In 1982 the Violent Femmes released the title track to their debut album “Gone Daddy Gone” that went on to be an epic album. Almost just an epic event is the lifting of the $100,000 AGI (Adjusted Gross Income) restriction for individual or couples that are looking to do a Roth IRA Conversion. As it stands right now, for any tax payer no matter your filing status, you are unable to do a conversion if you exceed this limit. Most everybody knows (if not, then you know now) that in 2010 these restrictions are lifted and anyone and their brother will be able to do the Roth Conversion. If this applies to you, here are some tips to get you prepared for the Roth IRA Conversion event when the restrictions are officially “gone daddy gone”.
If this article was helpful, you may also want to check out these posts as well: 7 Things To Know About The 2010 Roth IRA Conversion, Roth IRA Time To Convert, 7 Things To Know About Roth IRA 2009.
Start Preparing Now For The Conversion
Basically, there are two ways that you can prepare you for the Roth IRA conversion in 2010.
Initially, you need to review all of your old retirement plans that you may have. This can include: traditional IRA’s, SEP IRA’s, Simple IRA’s, old 401k’s, old 403b’s. Once you get those sorted out, add them up to get an approximate total value. Once you get the sum, you’ll now have a sense of what your tax bill will be. A couple things to consider:
- Most likely your accounts are down if they were anywhere close to the stock market. This could make it that much more of an attractive opportunity to convert.
- Remember that when you convert in 2010, you have the option to deferring the tax over 2011 and 2012 at a 50/50 split. This option is only available in 2010.

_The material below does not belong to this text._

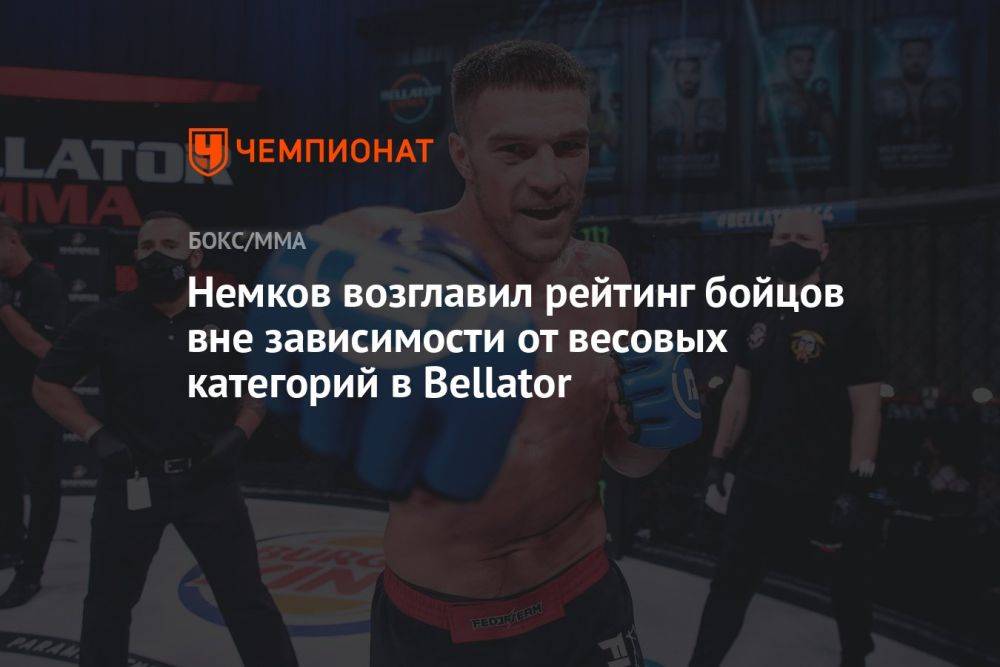 Немков возглавил рейтинг бойцов вне зависимости от весовых категорий в Bellator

Also, keep in mind that although you can split the tax between those two years (2011 and 2012), the actual tax that is due will be based on your tax bracket in that year.
You have a $50,000 old traditional IRA that you want to convert to a Roth IRA in 2010. You elect to split it over the 2011 and 2012 tax years so that you claim $25,000 of ordinary income in 2011 and then again in 2012. If for some reason your income is abnormally higher (raise in salary as an example) in 2011, you’ll end up paying more in tax that year than you would have previously. In short, it’s not based on your tax bracket in the 2010 year.
The “Backdoor” into a Roth IRA using Traditional IRA
Many people have wanted to take advantage of the Roth IRA for the past several years, but couldn’t because they surpassed the Roth IRA phaseout limits. Many then settled for the pretax substitute of the traditional IRA. The only problem with the traditional IRA (other than paying taxes at retirement) is that after certain income limits you no longer get a tax deduction for contributing to one. You still get the tax deferred growth, but that’s it.
If you are an active participant (making annual additions or accruing a benefit) in a company plan and make more than $65,000 as a single taxpayer in 2009 (or $109,000 as a married joint taxpayer) then you are disqualified from taking the full deduction. What you are then left with is the nondeductible IRA.
Introducing the Nondeductible IRA
In the past, there was nothing all that attractive about the nondeductible IRA. With 2010 just around the corner, the nondeductible IRA has become a very popular tool to allow high wage earners a way into the Roth IRA- a “backdoor” way. A high wage earner can contribute to a nondeductible IRA with the sole intentions of converting it in 2010.
By contributing to the nondeductible IRA, you will only be responsible to pay what gains you’ll have from now until you convert in 2010. If 2009 will be the first year to contribute, then unless you happen to pick a one in a million shot, your tax liability should be minimized.
The Five Year Rule
One last consideration when converting to a Roth IRA is the five year rule. As when you make a contribution into a Roth IRA, you have the same five year holding period for the earnings applies to the conversion amount. This is the amount that you will be able to take tax and penalty free. (Remember: When you contribute new money to a Roth IRA its only the earnings that have to wait 5 years not the contributions). Here’s a few things to consider:
- The five year holding period begins January 1st of the year that you convert. For example, if you converted on November, 1st 2008 then the five year holding period began on January 1st of that year.
- If you have already converted in the past, then each new conversion begins a brand new 5 year holding period. Let’s say you were able to previous able convert in 2006 and you plan to convert again in 2010, then each of those conversions would be subject to their own 5 year holding period.
- Lastly, if you decide to convert and then change your mind, you always have the option to recharacterize. Recharacterization of an IRA is the equivalent to a mulligan on the golf course.
*Restrictions, penalties and taxes may apply. Unless certain criteria are met, Roth IRA owners must be 59 1/2 or older and have held the IRA for 5 years before tax-free withdrawals are permitted.